A common NLP library in python is *spacy*. You might need to install it first via <code>pip install spacy</code>, or if you're running this in google colab, via <code>!pip install spacy</code>. First we import *spacy* and load the corpus, ie, the text database. 

In [1]:
# uncomment next line if you need to install spacy
#!pip install spacy

import spacy
nlp=spacy.load('en_core_web_sm') # a small corpus of English text

## Tokenisation

First step: split the text sample into tokens.

In [17]:
doc=nlp("I'm afraid of bears and can't stand their smell.")
[w.text for w in doc]

['I',
 "'m",
 'afraid',
 'of',
 'bears',
 'and',
 'ca',
 "n't",
 'stand',
 'their',
 'smell',
 '.']

What might seem weird: "'m" and "n't" have each become a token. That is because they do represent a part of the speech that is really separate from the word they're in. We see in the next step why treating them separately is a good idea.

## Lemmatisation

Lemmatisation transforms a token into its base form. "am" or "'m" becomes "be", "bears" becomes "bear" and so on. "I/you/she" etc becomes "-PRON-", a marker for "pronoun".

In [18]:
[w.lemma_ for w in doc]

['-PRON-',
 'be',
 'afraid',
 'of',
 'bear',
 'and',
 'can',
 'not',
 'stand',
 '-PRON-',
 'smell',
 '.']

## Stop words

Another common step consists in filtering out very common words, called stop words. Words such as "I", "the", "or" and so on appear in so many phrases that they do not carry much information. 

In [19]:
[w.lemma_ for w in doc if not w.is_stop]

['afraid', 'bear', 'stand', 'smell', '.']

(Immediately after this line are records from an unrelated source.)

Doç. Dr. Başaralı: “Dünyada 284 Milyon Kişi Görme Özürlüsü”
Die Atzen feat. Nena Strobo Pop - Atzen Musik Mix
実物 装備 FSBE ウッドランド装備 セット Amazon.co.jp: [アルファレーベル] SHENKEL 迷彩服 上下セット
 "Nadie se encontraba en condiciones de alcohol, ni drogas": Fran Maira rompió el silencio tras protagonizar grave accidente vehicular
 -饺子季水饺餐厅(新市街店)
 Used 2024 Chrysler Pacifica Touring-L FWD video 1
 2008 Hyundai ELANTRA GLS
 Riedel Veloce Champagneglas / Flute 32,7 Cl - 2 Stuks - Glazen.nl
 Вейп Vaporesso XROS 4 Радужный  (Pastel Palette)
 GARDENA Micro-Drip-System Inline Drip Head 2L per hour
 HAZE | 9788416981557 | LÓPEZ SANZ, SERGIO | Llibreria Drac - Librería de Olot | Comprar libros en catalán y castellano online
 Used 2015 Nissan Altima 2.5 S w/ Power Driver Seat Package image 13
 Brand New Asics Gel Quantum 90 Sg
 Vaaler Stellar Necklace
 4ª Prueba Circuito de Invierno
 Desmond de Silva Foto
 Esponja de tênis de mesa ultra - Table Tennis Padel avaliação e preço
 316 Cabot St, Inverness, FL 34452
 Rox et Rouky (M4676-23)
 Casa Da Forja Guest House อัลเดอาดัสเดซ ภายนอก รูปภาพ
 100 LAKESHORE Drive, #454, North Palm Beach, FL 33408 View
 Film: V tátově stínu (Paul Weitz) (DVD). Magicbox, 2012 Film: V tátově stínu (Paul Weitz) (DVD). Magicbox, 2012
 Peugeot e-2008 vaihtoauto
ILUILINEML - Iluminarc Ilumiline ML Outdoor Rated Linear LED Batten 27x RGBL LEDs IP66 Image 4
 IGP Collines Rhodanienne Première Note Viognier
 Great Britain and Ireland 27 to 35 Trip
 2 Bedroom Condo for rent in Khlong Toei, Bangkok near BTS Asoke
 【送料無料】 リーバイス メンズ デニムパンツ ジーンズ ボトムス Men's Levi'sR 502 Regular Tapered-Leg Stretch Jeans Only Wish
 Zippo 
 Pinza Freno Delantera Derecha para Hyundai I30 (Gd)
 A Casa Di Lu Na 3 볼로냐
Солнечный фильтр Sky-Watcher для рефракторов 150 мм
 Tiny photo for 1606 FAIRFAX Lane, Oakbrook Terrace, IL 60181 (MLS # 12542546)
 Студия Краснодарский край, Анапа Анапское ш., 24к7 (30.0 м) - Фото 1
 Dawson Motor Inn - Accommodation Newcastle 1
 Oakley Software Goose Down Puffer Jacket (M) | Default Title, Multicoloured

A word of warning: All these steps destroy information. If "am" and "was" collapse to "be", and if "they", "she" and "I" all become "-PRON-" then information is lost. Depending on the application this may be acceptable since, at the same time, we also gain something, namely a substantial reduction in vocabulary. In this sense, these preprocessing steps work as a dimension reduction method.